Luke Littler’s attempt to trademark his face highlights a growing concern shared by athletes, creators, and influencers everywhere: How do you protect your digital identity in an AI-driven world?
Trademarking a face isn’t the solution. It’s outdated, difficult to enforce, and doesn’t address how identity is actually being abused online.
The core problem is that your identity is already replicable. AI can generate fake videos, clone your voice, and create content that feels recognizably you. Traditional tools like copyright and trademark fall short when bad actors can generate slightly different synthetic versions of your persona at scale.
Trademark law wasn’t designed for identity protection. It struggles with defining a face consistently across AI variations and cannot prevent misuse at scale. Instead of relying on archaic paperwork, modern creators are shifting their focus to AI impersonation protection and deepfake monitoring services.
The solution isn’t just protection; it is control. Instead of asking how to protect a persona, creators must ask: "How do I control my digital presence?" This requires a shift to Personal Brand Rights Management.
Define exactly how your face, voice, and personality can be used across platforms. Enforce ownership of your brand identity rather than just defending an image.

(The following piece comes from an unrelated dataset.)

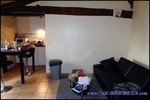 A vendre par TAIC Immobilier à Castres Grande longère de 1000m2 sur 8900m2 de terrain comprenant partie privative, 7 studios et dépendances,puit,lavoir.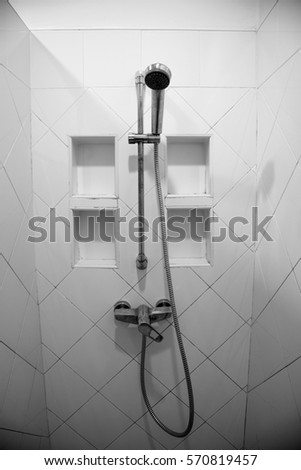 Wall shower install on white tile wall in bathroom for body wash, there are have small four function on wall for put bath accessories. Royalty-Free Stock Photo #570819457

Detect and stop deepfakes online and remove impersonation videos quickly. Getting unauthorized content removed at scale is critical as AI-generated media becomes easier to produce.
Utilize automated cease and desist notices for influencers. Take immediate action against impersonation and identify surveillance to find clones of yourself in real-time.
While most focus on defense, identity is ultimately an asset. When you own and license your name and image, you turn your identity into a scalable, monetizable resource. Instead of stopping copies, you become the official source.
You can license your voice and face to brands, create authorized brand deals using your AI likeness, and earn income from your persona safely. This is the future of image rights monetization for creators.
Trademarking a face is not enough. The future belongs to those who implement identity systems, not just images. Move from defense to ownership.
The question is: Will you be trying to stop the AI era—or will you be the one controlling and profiting from it?